For each approach, address: (a) how weights and activations are partitioned, (b) per-GPU memory usage (what is replicated vs sharded), (c) the communication pattern and its cost, and (d) the effect on end-to-end latency and throughput — including the **pipeline bubble** for PP. Conclude with when you would pick PP vs TP.
```hint Think about the split axis
PP and TP answer different questions about *where* to draw the boundary. Ask yourself: is each GPU responsible for certain *layers* of the model, or for certain *parts* of each layer? How does that choice determine what each GPU must store and what it must communicate?
```
```hint Reasoning about the PP bubble
When only one GPU is active at a time, that is dead time you cannot recover. Think about what drives how much of the total wall-clock is wasted that way, and what you could do to the incoming workload to reduce the waste.
```
```hint Thinking about communication cost
Consider how many times the two GPUs must exchange data per input and what the *volume* of that exchange is. Does it happen once at a coarse boundary, or once per layer? How does the answer differ between PP and TP, and why does interconnect speed matter more for one than the other?
```
#### Clarifying Questions for this Part
- Will requests be **microbatched** (which lets PP hide its bubble) or served one at a time (which exposes it)?
- Is the goal to minimize **single-request latency** or to maximize **aggregate throughput**?
- Is the **interconnect** fast enough (NVLink) to make per-layer TP collectives cheap, or is it PCIe?
#### What This Part Should Cover
- A correct, concrete description of how each strategy partitions the model, covering the split axis for both PP and TP.

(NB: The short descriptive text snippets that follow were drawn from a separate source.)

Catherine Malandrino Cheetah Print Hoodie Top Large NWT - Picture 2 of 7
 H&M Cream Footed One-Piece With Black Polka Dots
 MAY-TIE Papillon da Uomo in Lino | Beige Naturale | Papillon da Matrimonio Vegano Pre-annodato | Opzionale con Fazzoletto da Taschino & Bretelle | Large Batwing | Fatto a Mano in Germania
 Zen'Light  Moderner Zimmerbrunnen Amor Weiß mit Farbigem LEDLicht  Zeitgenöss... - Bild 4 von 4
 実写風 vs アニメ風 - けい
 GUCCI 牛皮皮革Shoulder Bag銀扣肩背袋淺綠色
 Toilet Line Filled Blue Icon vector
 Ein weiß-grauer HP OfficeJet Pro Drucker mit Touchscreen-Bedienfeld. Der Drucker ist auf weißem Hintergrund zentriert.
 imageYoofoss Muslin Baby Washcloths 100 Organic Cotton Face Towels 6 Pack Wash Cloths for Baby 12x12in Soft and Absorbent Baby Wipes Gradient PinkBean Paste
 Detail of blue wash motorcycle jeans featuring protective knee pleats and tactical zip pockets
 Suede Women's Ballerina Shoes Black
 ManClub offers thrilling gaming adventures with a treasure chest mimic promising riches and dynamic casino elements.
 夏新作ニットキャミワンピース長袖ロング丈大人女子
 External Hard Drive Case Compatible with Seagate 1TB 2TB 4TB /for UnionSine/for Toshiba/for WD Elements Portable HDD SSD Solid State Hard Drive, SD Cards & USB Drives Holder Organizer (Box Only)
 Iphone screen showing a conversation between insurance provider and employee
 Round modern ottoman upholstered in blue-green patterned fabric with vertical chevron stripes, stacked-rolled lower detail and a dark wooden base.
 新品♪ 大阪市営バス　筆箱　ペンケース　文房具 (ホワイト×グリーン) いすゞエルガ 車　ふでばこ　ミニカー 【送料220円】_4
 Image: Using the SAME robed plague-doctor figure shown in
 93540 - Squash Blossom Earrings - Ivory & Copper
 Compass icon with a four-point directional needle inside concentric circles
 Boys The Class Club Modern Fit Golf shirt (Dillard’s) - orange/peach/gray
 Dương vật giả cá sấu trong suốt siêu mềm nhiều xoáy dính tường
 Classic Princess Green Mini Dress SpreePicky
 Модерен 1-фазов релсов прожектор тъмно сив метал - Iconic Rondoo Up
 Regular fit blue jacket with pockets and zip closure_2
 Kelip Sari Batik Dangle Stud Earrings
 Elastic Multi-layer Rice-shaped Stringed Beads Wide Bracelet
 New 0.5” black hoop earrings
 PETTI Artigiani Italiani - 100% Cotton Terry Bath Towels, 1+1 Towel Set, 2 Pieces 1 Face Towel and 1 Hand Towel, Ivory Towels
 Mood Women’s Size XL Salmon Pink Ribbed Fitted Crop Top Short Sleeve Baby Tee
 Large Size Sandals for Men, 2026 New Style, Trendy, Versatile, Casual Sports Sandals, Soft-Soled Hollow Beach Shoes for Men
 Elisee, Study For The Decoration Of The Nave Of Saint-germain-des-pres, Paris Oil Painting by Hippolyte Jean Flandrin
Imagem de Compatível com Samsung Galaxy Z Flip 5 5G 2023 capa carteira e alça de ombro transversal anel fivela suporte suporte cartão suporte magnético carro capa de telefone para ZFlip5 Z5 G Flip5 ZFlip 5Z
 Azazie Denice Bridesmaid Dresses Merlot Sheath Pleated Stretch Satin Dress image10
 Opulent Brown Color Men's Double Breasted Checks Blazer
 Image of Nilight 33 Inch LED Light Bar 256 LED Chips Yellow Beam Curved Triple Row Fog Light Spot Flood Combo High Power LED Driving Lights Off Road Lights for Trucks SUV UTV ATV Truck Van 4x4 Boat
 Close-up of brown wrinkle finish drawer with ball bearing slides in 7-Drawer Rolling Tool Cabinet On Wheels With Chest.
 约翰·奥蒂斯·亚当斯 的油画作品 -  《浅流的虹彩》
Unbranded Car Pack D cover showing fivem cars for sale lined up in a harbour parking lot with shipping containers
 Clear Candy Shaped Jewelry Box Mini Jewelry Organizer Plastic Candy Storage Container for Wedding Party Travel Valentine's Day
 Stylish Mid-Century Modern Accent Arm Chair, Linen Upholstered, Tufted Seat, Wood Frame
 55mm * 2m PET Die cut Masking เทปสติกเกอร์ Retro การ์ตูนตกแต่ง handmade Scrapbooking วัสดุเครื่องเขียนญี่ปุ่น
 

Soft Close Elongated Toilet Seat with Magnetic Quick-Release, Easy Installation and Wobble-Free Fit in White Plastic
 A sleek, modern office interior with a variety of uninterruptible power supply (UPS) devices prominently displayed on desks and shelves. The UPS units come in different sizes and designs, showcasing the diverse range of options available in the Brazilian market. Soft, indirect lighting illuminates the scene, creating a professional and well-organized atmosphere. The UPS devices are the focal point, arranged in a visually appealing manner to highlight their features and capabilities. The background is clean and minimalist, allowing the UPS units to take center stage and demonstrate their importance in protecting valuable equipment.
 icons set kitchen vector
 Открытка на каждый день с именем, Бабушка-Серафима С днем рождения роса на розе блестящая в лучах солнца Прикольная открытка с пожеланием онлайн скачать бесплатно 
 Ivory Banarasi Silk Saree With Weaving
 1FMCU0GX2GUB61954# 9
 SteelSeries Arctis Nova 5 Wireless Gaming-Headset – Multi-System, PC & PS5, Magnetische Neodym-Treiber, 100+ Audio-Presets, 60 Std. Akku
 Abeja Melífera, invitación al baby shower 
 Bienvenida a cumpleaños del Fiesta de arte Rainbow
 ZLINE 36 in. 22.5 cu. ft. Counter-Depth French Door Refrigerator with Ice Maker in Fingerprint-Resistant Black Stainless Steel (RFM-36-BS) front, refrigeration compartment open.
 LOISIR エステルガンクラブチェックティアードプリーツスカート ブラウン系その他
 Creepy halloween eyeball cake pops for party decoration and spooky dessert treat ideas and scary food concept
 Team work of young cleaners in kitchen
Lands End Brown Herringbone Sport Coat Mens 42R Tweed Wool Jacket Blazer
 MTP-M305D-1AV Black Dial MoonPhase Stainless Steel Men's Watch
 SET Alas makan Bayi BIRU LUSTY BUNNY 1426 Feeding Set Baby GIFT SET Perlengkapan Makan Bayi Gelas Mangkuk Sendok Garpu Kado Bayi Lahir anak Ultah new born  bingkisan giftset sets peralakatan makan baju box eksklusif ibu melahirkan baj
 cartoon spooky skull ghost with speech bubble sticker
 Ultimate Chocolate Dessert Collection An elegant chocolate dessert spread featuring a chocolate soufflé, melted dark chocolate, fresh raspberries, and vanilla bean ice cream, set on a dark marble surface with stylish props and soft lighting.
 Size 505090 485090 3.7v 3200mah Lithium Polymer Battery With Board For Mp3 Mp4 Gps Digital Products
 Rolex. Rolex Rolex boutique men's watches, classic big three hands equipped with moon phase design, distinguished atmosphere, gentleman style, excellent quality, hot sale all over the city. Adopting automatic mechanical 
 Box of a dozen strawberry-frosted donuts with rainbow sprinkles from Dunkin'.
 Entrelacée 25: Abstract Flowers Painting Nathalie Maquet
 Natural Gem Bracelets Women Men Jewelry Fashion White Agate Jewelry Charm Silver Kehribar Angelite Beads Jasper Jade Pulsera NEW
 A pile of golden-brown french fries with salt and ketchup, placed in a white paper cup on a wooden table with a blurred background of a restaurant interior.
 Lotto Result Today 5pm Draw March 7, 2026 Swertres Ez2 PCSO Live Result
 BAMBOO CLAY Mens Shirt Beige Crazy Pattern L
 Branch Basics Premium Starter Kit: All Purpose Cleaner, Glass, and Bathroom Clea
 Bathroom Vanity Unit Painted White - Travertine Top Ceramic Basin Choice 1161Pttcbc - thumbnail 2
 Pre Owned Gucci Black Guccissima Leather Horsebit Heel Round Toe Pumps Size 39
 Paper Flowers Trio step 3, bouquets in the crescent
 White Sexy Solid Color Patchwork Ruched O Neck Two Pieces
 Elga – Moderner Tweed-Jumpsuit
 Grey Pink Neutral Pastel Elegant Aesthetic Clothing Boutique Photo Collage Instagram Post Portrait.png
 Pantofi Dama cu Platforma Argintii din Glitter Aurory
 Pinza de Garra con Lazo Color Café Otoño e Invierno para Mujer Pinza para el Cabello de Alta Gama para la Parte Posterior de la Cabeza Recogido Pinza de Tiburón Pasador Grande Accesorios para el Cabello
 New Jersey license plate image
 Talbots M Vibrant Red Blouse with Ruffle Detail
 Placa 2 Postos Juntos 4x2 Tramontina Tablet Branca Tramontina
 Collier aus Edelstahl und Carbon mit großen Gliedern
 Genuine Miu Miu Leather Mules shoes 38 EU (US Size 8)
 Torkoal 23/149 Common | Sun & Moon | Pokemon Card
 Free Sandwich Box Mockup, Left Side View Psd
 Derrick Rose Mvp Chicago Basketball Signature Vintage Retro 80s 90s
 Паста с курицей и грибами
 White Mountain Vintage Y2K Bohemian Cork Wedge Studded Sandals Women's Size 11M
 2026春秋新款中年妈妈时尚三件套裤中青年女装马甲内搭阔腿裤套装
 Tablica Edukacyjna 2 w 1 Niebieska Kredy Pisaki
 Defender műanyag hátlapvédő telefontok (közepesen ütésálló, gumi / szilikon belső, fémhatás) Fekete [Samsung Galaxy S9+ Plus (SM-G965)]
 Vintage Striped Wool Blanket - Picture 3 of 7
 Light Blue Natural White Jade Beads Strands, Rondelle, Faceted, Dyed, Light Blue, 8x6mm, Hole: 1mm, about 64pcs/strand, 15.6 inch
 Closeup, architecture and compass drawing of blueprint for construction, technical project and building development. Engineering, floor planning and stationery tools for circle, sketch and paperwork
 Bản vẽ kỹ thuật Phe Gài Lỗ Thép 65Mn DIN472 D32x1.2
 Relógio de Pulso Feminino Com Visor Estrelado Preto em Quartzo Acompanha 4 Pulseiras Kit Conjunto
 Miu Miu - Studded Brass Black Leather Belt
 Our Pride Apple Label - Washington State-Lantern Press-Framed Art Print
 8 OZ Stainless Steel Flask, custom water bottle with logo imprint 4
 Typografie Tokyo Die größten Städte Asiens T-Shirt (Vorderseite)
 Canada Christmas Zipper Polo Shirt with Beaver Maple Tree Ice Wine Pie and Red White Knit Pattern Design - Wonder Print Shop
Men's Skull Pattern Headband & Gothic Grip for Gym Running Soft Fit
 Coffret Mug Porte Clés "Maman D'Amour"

- Per-GPU memory accounting: what is sharded vs replicated under each scheme.
- The communication pattern for each strategy: frequency, volume, and operation type (point-to-point vs collective), and why that matters for interconnect sensitivity.
- The latency/throughput story for PP: what causes idle time, how that idle fraction depends on batch structure, and how microbatching helps.
- A defensible decision rule: when to prefer PP, when to prefer TP, and when to combine them.
### Follow-up Questions
- For the column-parallel vs row-parallel TP split of $Y = A \cdot W$, which dimension does each shard ($n$ vs $k$) and which one requires an all-reduce vs an all-gather to reconstruct the output?
- In a standard transformer block (attention + MLP), where exactly do TP's collectives land, and how many per block per forward pass?
- If you had **8 GPUs** instead of 2, how would you combine PP, TP, and data parallelism, and what would set the TP degree vs the PP degree?
- How do training-only memory consumers (gradients, optimizer state, retained activations) change your Part 1 fit estimate, and what techniques (activation checkpointing, ZeRO/FSDP sharding) would you reach for first?
Quick Answer: This question evaluates understanding of GPU memory budgeting for large matrix multiplications and the comparative trade-offs between pipeline and tensor model parallelism, assessing competencies in memory sizing, numerical-precision effects (FP16/BF16), communication patterns, and performance metrics.